Juin 2017
A destination des investisseurs professionnels uniquement.
Ne convient pas aux investisseurs de détail en Belgique.
Les élections françaises s’étant gardées d'asséner le coup de grâce à la construction européenne, les marchés financiers devraient pouvoir afficher quelques temps encore une certaine exubérance. En effet, aux liquidités toujours abondantes (plus de 1000 milliards de dollars de « Quantitative easing » encore apportés globalement depuis le début de l'année), s'ajoute un cycle économique global en expansion modérée, un dollar faible, des taux d'intérêt toujours bas, et un prix du pétrole stabilisé. Que demander de plus?
Cette conjonction favorable des conditions de marchés profite largement depuis le début de l'année aux grandes valeurs de croissance globale. Dans cette catégorie, les acteurs technologiques dominants s'accaparent plus que jamais la part du lion grâce à des résultats encore très solides au premier trimestre.Le cycle économique se diffusant progressivement, les marchés européens et surtout, émergents font largement jeu égal depuis le début de l’année avec l'indice américain S&P 500.

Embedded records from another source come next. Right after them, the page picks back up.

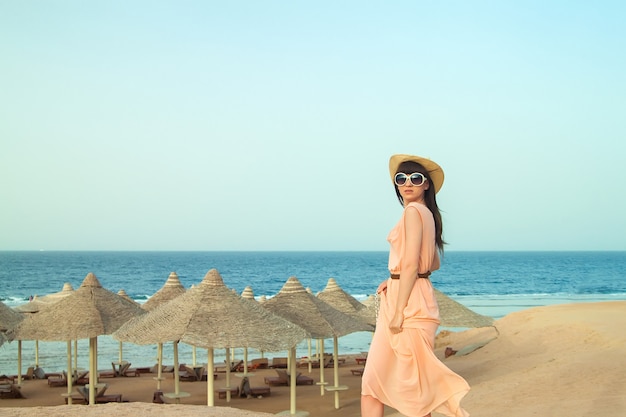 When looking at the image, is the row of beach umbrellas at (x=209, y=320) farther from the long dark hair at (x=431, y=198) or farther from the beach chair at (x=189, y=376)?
the long dark hair at (x=431, y=198)

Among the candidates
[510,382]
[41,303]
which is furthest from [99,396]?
[510,382]

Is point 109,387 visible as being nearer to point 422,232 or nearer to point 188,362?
point 188,362

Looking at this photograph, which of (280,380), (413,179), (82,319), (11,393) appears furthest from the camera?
(280,380)

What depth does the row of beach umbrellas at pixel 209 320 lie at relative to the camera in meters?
9.86

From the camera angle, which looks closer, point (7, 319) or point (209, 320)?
point (209, 320)

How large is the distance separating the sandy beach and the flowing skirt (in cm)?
182

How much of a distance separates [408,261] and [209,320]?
6256mm

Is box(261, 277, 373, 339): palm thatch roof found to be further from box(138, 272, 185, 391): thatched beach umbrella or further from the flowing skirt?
the flowing skirt

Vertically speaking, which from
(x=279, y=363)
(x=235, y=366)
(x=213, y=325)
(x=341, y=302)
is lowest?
(x=279, y=363)

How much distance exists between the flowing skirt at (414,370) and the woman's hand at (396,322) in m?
0.03

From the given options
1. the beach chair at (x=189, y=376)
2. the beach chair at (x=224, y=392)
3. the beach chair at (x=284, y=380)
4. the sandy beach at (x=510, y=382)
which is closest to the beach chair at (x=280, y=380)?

Quant aux marchés obligataires, ils progressent aussi de nouveau, en moyenne de 4%, grâce à des banques centrales rassurées par la tempérance continue des indicateurs d'inflation.

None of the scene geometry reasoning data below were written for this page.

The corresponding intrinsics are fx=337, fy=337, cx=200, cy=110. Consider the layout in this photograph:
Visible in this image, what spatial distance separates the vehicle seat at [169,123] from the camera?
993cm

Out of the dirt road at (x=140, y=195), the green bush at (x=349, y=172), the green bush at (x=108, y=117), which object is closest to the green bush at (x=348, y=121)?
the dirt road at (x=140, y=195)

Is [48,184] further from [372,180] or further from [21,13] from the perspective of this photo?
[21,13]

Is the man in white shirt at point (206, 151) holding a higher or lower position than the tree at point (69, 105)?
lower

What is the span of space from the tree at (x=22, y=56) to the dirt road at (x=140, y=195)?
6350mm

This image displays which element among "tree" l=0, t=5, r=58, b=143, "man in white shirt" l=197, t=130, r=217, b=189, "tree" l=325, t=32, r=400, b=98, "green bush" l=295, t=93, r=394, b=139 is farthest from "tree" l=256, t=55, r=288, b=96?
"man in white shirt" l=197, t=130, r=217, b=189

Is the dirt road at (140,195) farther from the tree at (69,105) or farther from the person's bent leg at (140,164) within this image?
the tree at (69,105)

Sur ce chemin pavé de bonnes inflexions, il faut se réjouir du retour de la primauté de l'économie sur les marchés. Mais à l'orée du second semestre, il est peut être aussi utile de rafraichir notre compréhension du phénomène de réflexivité toujours à l'œuvre entre l'économique et le politique (voir notre Note de mars), ainsi que notre perception de la dynamique des marchés aux niveaux actuels.

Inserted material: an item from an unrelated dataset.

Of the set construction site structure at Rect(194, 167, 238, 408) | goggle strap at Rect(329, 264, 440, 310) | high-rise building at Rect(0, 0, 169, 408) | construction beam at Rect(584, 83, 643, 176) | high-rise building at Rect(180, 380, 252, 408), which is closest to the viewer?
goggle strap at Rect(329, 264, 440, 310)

À ce jour, les analystes peuvent ancrer dans le réel le relèvement régulier de leurs estimations des résultats d'entreprises pour 2017
A ce jour, les analystes peuvent ancrer dans le réel le relèvement régulier de leurs estimations des résultats d'entreprises pour 2017. Au premier trimestre, les entreprises japonaises ont décroché la timbale en affichant des résultats en progression de +28% par rapport à l'année précédente, suivies des entreprises européennes (+23%), et américaines (+14%). Fait notable, la hausse des chiffres d'affaires a aussi été solide, témoignant d'une croissance en volume accompagnée d'une fermeté des prix retrouvée. Sur ce critère du niveau d'activité, c'est d'ailleurs l'Europe qui a mené le train (+10%), suivie des Etats-Unis (+8%) et du Japon (+4%). Forts de ce très bon début d’année, les analystes en moyenne attendent désormais pour 2017 des résultats en hausse de 15% en zone euro, 13% au Japon, et 10% aux Etats-Unis.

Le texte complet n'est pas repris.